■ **Required work**: The response should consist only of the lines from the one with "Radish Greens and Fettuccine" to the end of the data below, copied exactly and without pictures.

Dataset records:
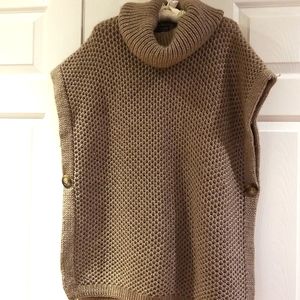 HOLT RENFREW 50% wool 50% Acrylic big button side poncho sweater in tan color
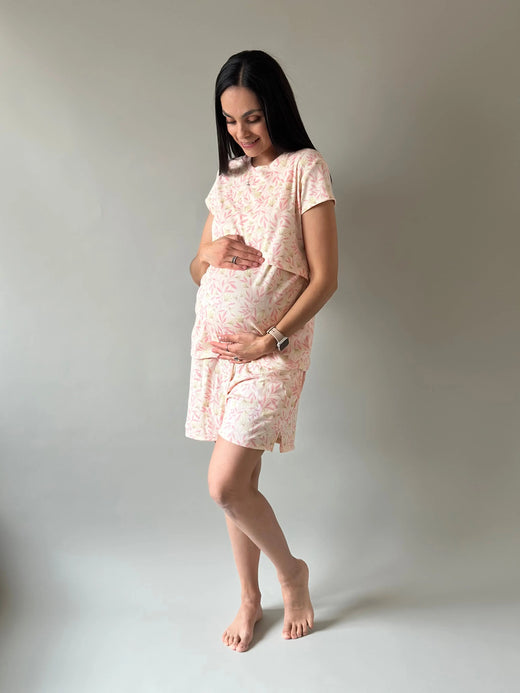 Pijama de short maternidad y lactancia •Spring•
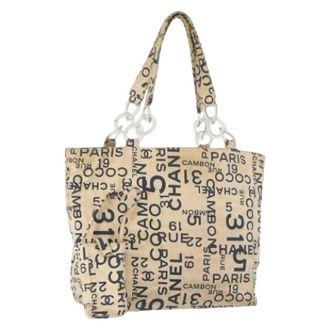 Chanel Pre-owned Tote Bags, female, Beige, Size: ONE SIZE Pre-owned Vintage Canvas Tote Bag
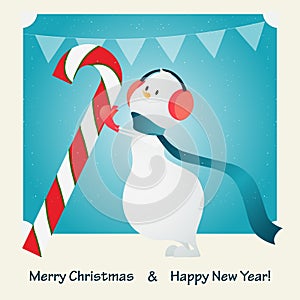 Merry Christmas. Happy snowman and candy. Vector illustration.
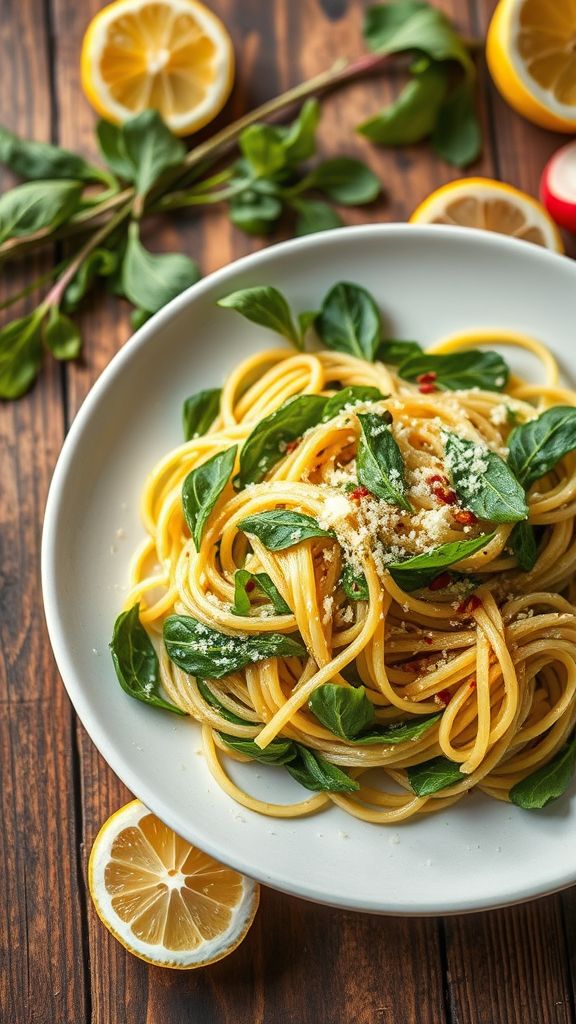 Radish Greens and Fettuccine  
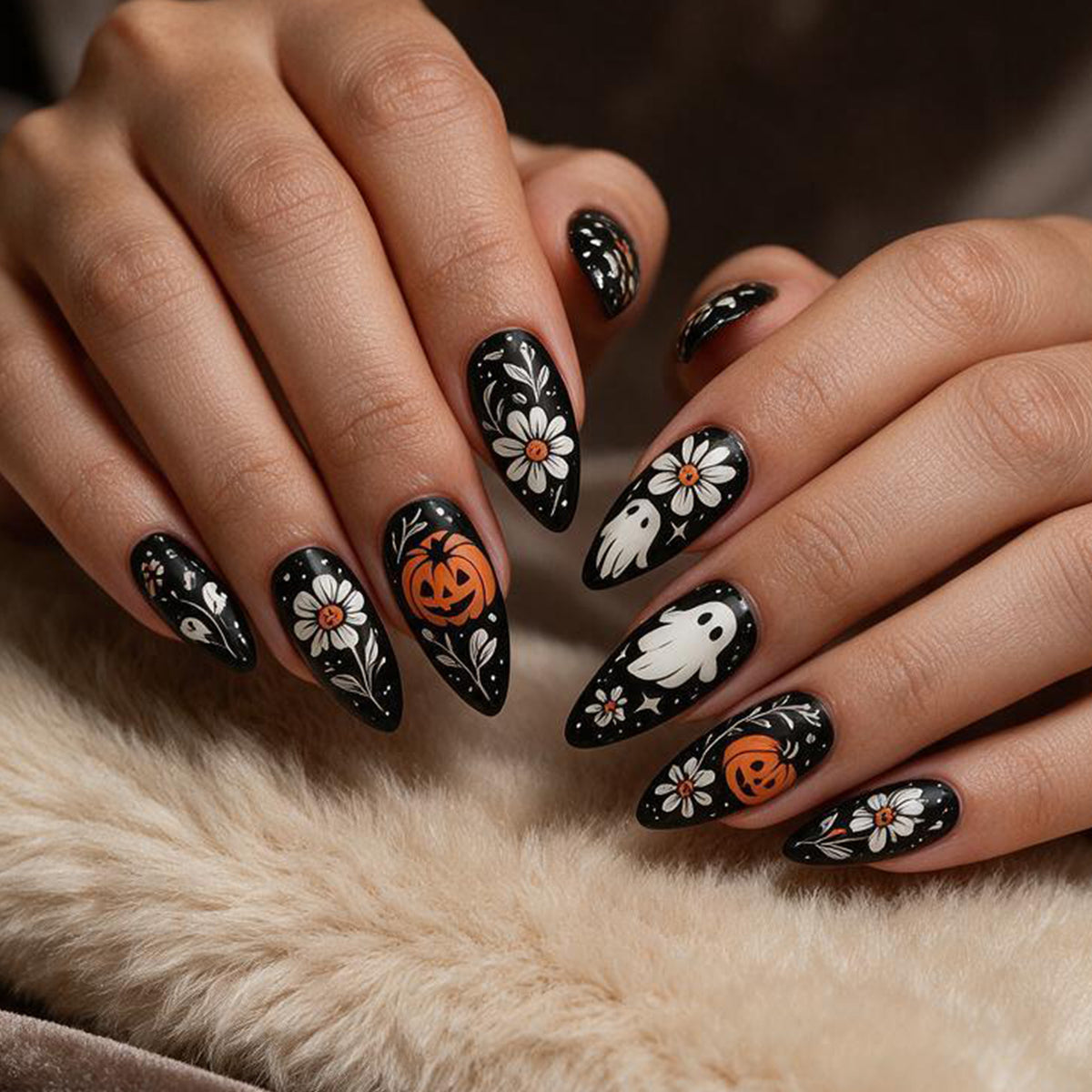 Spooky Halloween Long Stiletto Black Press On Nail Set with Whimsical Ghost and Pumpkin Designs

■ **Exercise output**:
 Radish Greens and Fettuccine  
 Spooky Halloween Long Stiletto Black Press On Nail Set with Whimsical Ghost and Pumpkin Designs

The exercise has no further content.